Friday, September 25, 2009

Didn't Smoke All Day

Someone told me I couldn't quit smoking so I had to prove, to myself, I could. I haven't had one cigarette all day.

He said I was looking like a strung out crack whore or something and I have to agree. That stuff has sucked the collagen out of my face and I've circles underneath my eyes.

I was told I might make billions one day. Sure. Well, it's nice to hear. From the ground up? We'll see. Not in this town I fear. I try and try and try, and nothing works.

I have people placing bets and putting out contests, just for me. Yeah, that's all I can say about that right now, but I notice how these people get bolder in their games and I don't like it. I haven't done anything to harm anyone and instead, I get intentionally pushed and locked out by a whole group.

Group think. I had no idea. I am not going to be able to get my son back, just because of this, and it's not even my fault. There is nothing I can do about it. I try, and I try, and it doesn't matter. They have their minds made up. Sign to sign, across town, is "thumbs up" to my floating down the river, from dam to dam. This is the official burial grounds, it seems. Every so often, it is reported someone is found floating down the river.

I don't even have half the knowledge to understand this, but it's vicious and mean. In no way have I tried to harm anyone. I haven't. In return, it's join 'em, not even knowing or trusting what you're joining, or lose.

I try. I have offered myself up more than once to be a sacrificial lamb, and I am STILL trying. Can I turn it around? Can I get ANYONE on my side? I try. I really, really, try.

It seems it doesn't matter. No matter what.
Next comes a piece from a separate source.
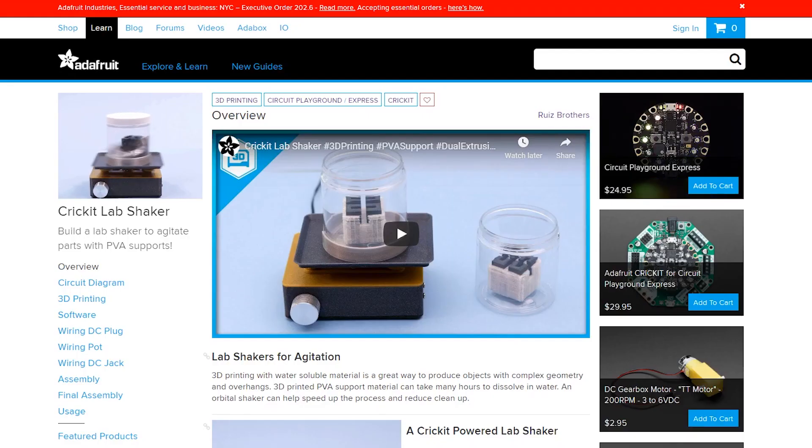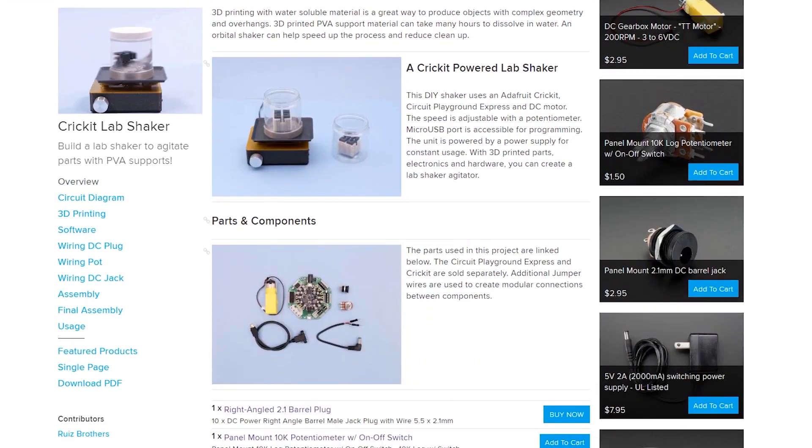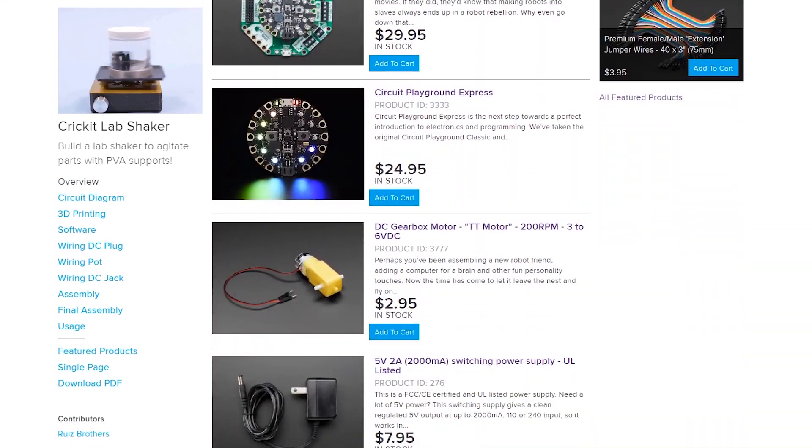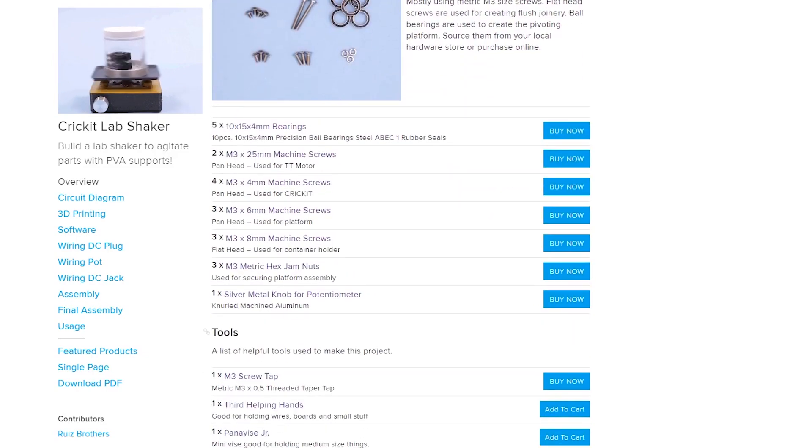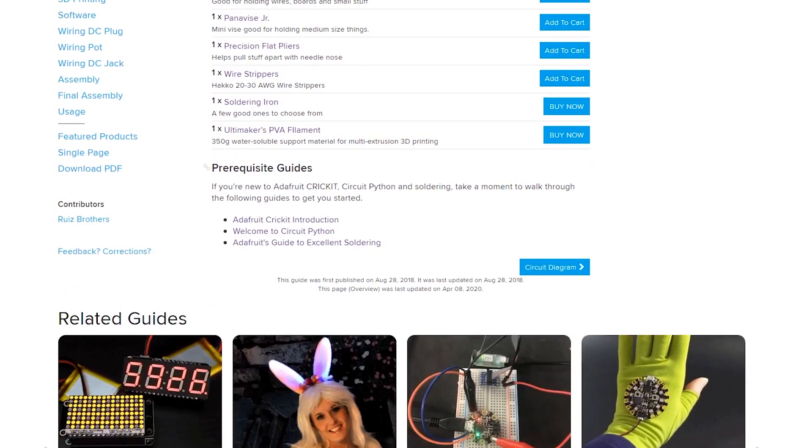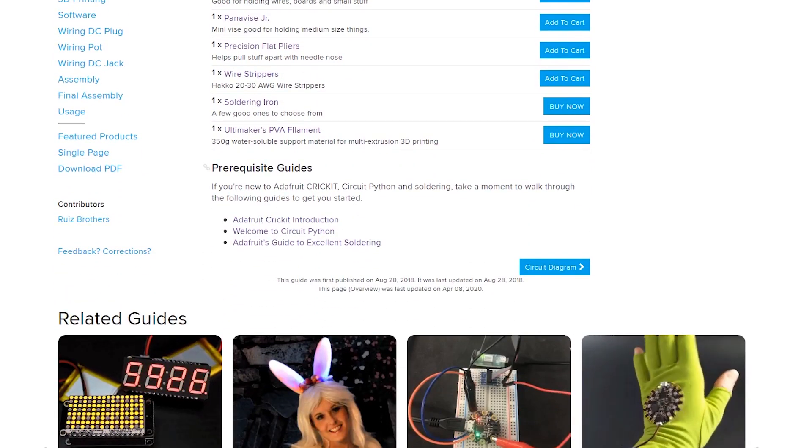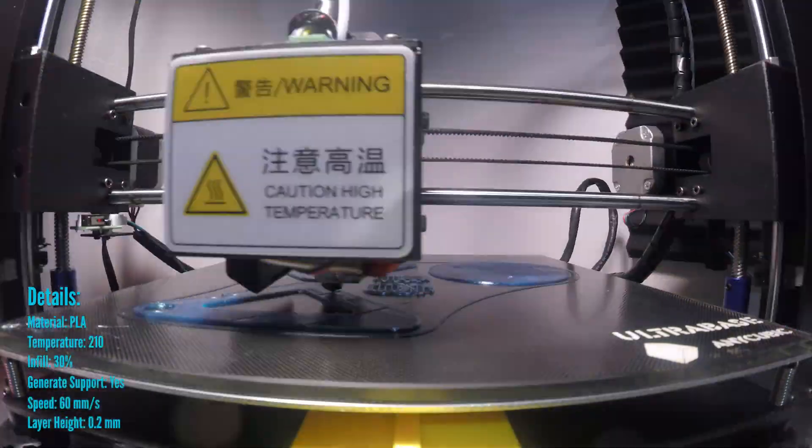To get started, I went to learn.adafruit.com and checked out Noe and Pedro's full tutorial. They have a full parts list. You can order all the parts you need with just a click, so I advise anybody go check that out first.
I just got kicked out of another establishment for absolutely no reason. One that decided to use the slogan on their own billboard, and sponsor this game. They decided to tell me I couldn't ever come back because a couple law enforcement asked if I was a hooker. I said I was not. I also said this was ridiculous. It didn't matter. The next thing they tried to accuse me of, was of lying to a front desk woman to use a key to take a shower. They said, SHE said, I asked to use it after I said I was leaving my room. I had told them, no, this woman specifically offered a key to me to shower. They said my story didn't add up. I said, it sure didn't, when it makes NO sense whatsoever, that I would CHECK out of my hotel room and THEN decide I wanted to take a shower. I never did this and it is ludicrous to think I would come up with this idea.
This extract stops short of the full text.